What it means for us: This is a fantastic new media metrics system in a crop of such systems being released. As the acquisition and access to new data becomes more pronounced, media are required to be more transparent in their reporting systems. We will keep a close eye on CineTAM in the coming weeks – as Supermarkets have a cinema campaign starting very shortly, it is a great way to gain first-hand knowledge of the workings of this new reporting measurement.

EMMA Tells Us What We’re Reading


Last week saw the launch of EMMA (Enhanced Media Metrics Australia) into the Australian marketplace. Developed by Ipsos MediaCT, a global audience measurement company, for The Readership Works, EMMA runs a survey of 54,000 a people, across every day of the week, and allows for a greater breakdown of readership, such as sections of newspapers as opposed to the overall publication.

Of course the biggest roadblock for EMMA is the incumbent measurement system in place with Roy Morgan.

From the first round of data released by EMMA, big differences have emerged in readership data than those released by Roy Morgan. For example, EMMA data suggests Roy Morgan figures have been seriously under-valuing the readership of most Australian newspapers, with some 1.17 million people reading The Daily Telegraph compared to 759,000 via Roy Morgan.
The flipside of that, of course, is that EMMA is over-valuing compared to Roy Morgan, but it’s impossible to tell which is more accurate. Publishing industry associations have come out in support of EMMA, which is unsurprising given it was an industry-backed endeavour (and is giving higher numbers).

Some more EMMA figures released for newspapers –

  • Sydney Morning Herald: 45% higher than Roy Morgan (814,000 vs. 562,000)
  • The Australian: 47% higher than Roy Morgan (540,000 vs. 367,000)
  • Australian Financial Review: 32% higher than Roy Morgan (312,000 vs. 236,000)

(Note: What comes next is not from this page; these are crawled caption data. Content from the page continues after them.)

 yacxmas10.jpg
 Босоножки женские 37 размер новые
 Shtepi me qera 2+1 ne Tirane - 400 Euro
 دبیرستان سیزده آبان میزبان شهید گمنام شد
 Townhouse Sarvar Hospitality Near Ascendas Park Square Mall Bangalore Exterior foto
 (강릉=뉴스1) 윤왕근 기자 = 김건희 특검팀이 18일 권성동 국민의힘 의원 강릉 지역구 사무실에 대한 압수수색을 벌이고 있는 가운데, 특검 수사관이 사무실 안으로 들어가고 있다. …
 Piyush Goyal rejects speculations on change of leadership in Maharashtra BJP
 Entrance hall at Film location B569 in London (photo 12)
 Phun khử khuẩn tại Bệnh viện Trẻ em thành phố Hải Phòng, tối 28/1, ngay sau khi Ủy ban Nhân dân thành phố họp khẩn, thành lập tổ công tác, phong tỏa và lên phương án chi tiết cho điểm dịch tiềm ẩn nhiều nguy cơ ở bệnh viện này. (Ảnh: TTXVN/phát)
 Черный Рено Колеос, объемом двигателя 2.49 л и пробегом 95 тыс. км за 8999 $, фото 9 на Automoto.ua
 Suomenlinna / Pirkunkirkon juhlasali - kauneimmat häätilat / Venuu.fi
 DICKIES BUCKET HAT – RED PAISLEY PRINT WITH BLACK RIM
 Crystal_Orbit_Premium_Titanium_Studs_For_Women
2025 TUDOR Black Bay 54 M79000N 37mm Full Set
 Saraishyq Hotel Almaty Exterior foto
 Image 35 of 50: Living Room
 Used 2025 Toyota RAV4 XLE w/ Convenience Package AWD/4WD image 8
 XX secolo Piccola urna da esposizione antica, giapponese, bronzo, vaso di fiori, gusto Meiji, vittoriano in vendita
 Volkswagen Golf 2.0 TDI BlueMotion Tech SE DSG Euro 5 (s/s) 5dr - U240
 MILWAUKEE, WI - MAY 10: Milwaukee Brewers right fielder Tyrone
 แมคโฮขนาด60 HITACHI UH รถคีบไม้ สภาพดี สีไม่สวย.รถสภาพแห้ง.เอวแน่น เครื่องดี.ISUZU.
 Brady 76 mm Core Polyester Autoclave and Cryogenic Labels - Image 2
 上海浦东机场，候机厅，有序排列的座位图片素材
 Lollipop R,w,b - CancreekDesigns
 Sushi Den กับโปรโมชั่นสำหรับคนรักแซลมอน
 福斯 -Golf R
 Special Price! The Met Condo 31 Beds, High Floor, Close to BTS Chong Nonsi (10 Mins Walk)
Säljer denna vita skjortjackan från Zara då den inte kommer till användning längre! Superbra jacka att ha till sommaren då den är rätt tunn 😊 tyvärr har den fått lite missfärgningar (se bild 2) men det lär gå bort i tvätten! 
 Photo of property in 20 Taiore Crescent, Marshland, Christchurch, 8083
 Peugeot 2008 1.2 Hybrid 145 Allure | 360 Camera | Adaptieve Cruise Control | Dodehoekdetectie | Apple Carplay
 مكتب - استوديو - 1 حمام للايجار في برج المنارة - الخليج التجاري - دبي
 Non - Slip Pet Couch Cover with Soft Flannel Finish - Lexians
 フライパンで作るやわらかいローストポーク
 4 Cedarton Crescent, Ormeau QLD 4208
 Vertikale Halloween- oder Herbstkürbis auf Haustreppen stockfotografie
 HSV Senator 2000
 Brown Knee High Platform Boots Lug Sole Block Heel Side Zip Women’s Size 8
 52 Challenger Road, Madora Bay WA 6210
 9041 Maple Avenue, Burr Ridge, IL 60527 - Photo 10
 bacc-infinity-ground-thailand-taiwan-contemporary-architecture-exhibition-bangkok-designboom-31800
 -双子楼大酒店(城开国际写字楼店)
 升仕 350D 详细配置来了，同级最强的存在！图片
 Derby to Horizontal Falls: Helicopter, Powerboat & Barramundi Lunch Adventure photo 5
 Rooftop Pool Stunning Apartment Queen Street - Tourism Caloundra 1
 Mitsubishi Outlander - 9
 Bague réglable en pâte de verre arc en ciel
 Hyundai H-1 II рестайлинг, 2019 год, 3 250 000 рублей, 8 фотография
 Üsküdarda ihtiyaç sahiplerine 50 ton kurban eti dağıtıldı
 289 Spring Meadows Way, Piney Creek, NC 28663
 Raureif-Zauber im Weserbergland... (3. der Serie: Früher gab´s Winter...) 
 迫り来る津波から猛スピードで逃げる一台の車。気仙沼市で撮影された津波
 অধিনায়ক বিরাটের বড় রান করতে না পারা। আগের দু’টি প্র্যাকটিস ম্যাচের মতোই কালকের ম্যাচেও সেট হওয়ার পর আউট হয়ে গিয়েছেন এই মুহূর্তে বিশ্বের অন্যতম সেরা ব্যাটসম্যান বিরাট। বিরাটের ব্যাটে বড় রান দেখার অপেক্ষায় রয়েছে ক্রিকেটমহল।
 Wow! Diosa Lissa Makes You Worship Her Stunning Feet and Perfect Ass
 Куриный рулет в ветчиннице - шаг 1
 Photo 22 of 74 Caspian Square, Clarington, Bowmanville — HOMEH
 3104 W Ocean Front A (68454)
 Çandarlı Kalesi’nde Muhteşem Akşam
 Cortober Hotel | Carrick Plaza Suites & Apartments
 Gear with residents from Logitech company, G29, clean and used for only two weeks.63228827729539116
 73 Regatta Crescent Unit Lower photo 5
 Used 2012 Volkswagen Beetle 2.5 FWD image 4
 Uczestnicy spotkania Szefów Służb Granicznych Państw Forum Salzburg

Magazines have also garnered a boost from EMMA, with The Australian Women’s Weekly going from 1.6m to 2.3m.

While these figures reflect fantastically for Print media in Australia, many media companies are still testing the system.

What it means for us: Aegis Media’s current stance is that Roy Morgan is still the system to be relied upon until the new data has been tried and tested as a more correct reporting matrix. That being said, it will be interesting to watch the quarterly reports (and soon monthly reports) unfold from EMMA, and to chart the differences in audience between publications. It could be in the future we settle on a middle ground between the two measurement systems, as Roy Morgan has just come to market with a new crop of changes to Asteroid, including a greater granularity of data and the ability to create multi-year trends. Keep your eyes open for new information over the next few months.

Top 20 Programmes Trend


Based on Sydney Metro market




*Note - Coles have kept a steady percentage in the Top 20 each week, buying into key programmes week in and week out, while Woolworths has changed their TV strategy to be heavier later in the week, where there are less programmes that appear in the Top 20 (Top 20 Programmes generally air Sunday-Wednesday, with the exception of strip programming). This is slowly starting to change, with the final week showing an uplift from Woolworths.

TV Network Share



Network Share as at 25th of August







From the beginning of 2013 to now, Seven is leading against Total People, while they are on par with Nine as dual leaders for Grocery Buyers w/ Children.